Almost daily we hear horror stories about identity theft. And it is a truly horrible aspect of post modern life, in some ways worse than an old-fashioned physical burglary or mugging.
One day you are minding your own business, the next some vile techno-marauder in Smolensk has managed to use zeros and ones to persuade stupid computers or scanners to transfer your money to Paraguay or finance a spending spree in Moldova while you think you are hoarding every nickel in Olmsted Falls, Ohio.
Next thing you know – Bang, Zoom – your credit card doesn’t work, the ATM won’t give you the time of day, you are divorced from a pole dancer in Khartoum you’ve never even met and owe her child support while she has been declared the heir to the fortune you didn’t even know your great aunt had left you.
This cascade of troubles triggers even more. Soon you are being fined, sued, locked out of your accounts, denied credit, treated like an electronic leper, threatened by repo men who are taking back your car and furniture, and starring in a Jason Bateman movie with no laughs whatsoever. Your actual wife decides you really did all these terrible things and dumps you for a computer geek who is clever enough not to be hacked or is at least capable of hacking back. For all you know, he’s the guy who engineered this catastrophe in the first place.

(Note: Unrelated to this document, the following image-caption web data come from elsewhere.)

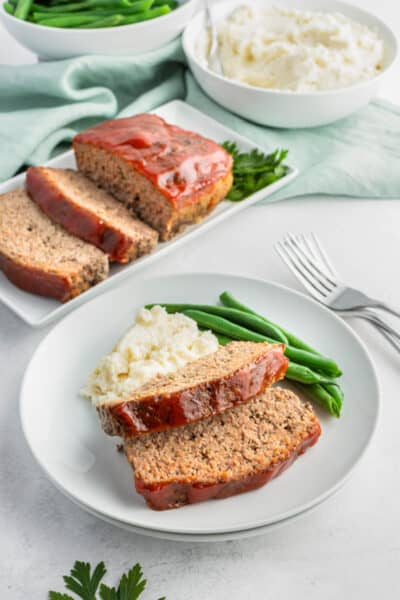 two slices of meatloaf on a plate with mashed potatoes and green beans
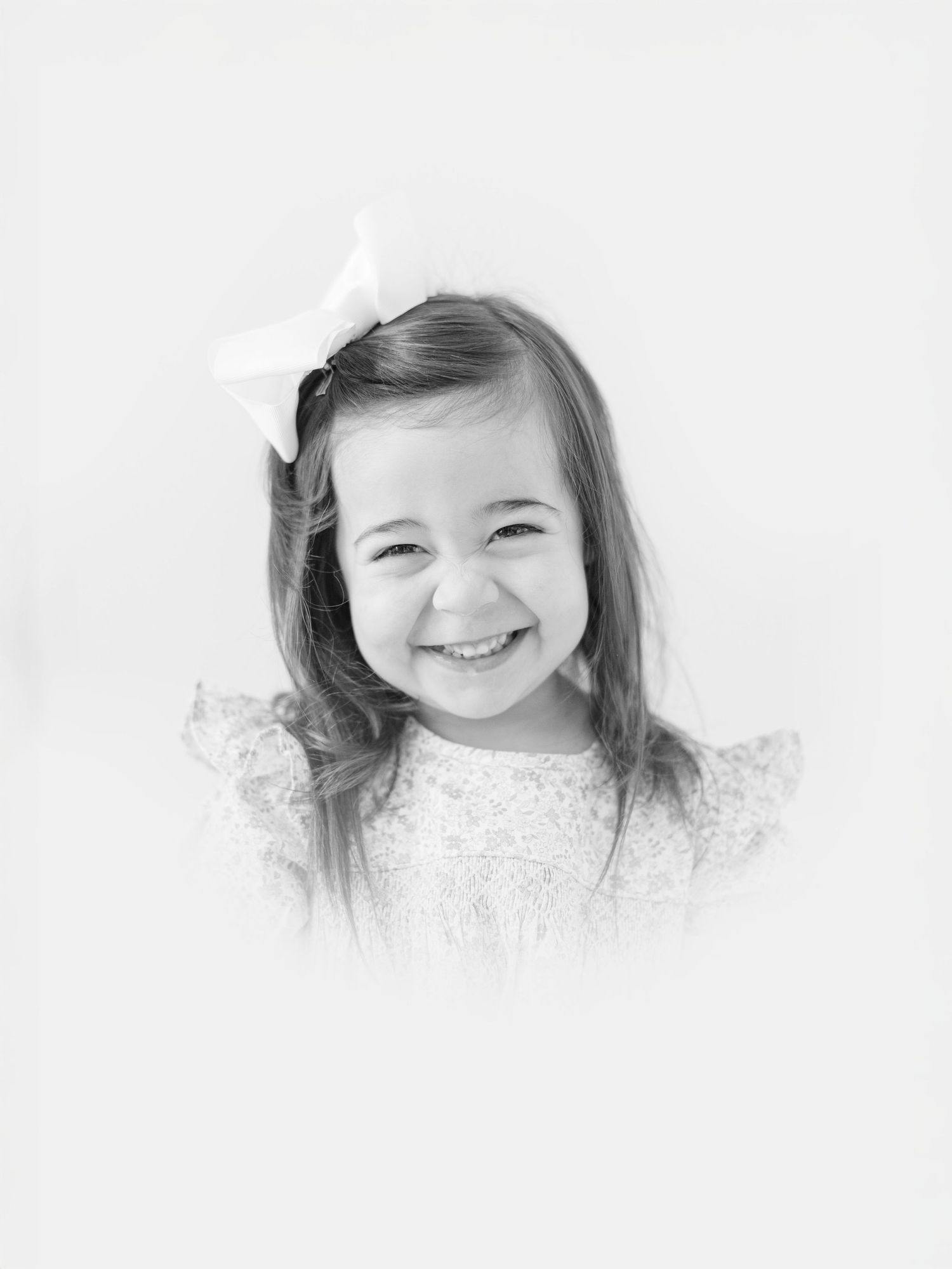 Black and white portrait of a smiling young girl with a white bow in her hair wearing a ruffled dress.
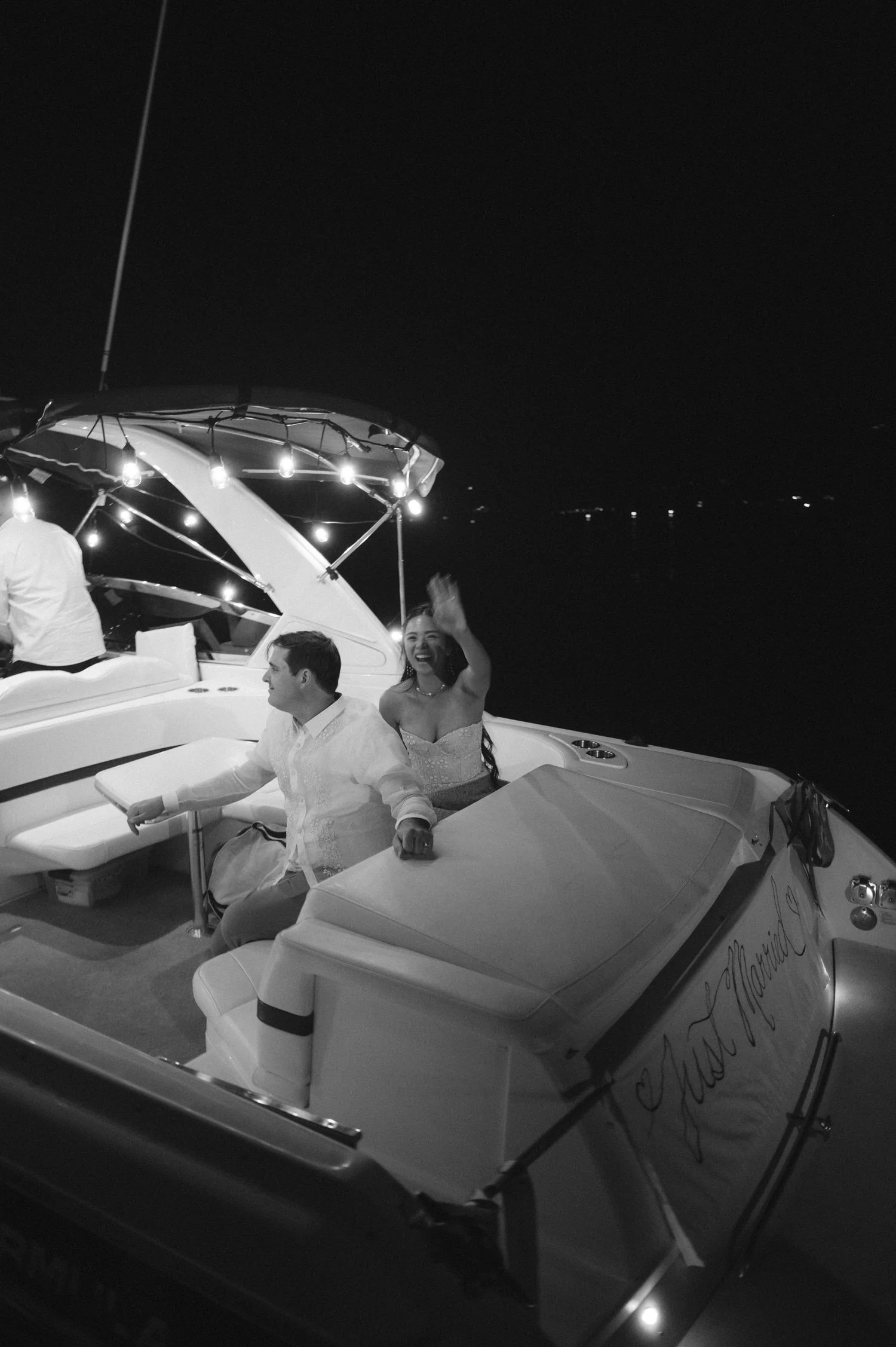 A Valhalla Lake Tahoe Wedding, photo of the newlywed couple waving from the stern of a boat decorated with a "Just Married" sign at night.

And what can you do? Spend a year trying to untangle the mess, persuading your bank, credit card company and sundry other creditors that you are you and the bad acts belong to another person claiming to be you in cyberspace. The fact that you have never even been to cyberspace and don’t have the shots for it cuts no ice with these guys.
Oh yeah, you can also change your password. That’ll stop ‘em.
This scenario scares me so much I did change all my passwords. But now, everywhere I go, I have to lug the sort of huge ledger Bob Cratchit toted up columns of figures in. It contains my passwords. I must have four hundred different ones by now.
I also thought about adding a layer of security to my life by installing a magic password encoder and decoder app, but I couldn’t figure out how to run it. I didn’t trust it anyway. How do I know the proliferating security programs that are recommended can be trusted? Articles praising their virtues are probably written by those Nigerian royals who need a loan. I figure the apps are Manchurian Candidates posing as loyal programs but secretly in the employ of evil doers intent on assassinating my credit worthiness.
It’s enough to keep you up at night watching the money that you have removed from all investments, bank accounts, and vaults and relocated to your mattress. But even then the bedroom computer keeps eying your bed suspiciously.
If all that isn’t enough, I object to the name Identity Theft. Money theft is what’s really going on. Identity is just the means to the end. In the famous old joke, a robber accosted notorious cheapskate Jack Benny and said, “Your money or your life.” What ensued was a long, long pause that got the biggest laugh in radio history before Benny delivered the punch line: “I’m thinking it over.”
In the present instance, if offered a choice between parting with my identity or my money I would have no problem. Take my identity, please. Just leave the cash. But if identities really are being stolen, is there a place you can go to get a replacement? If so, I’ll take George Clooney’s for a week or two. Please.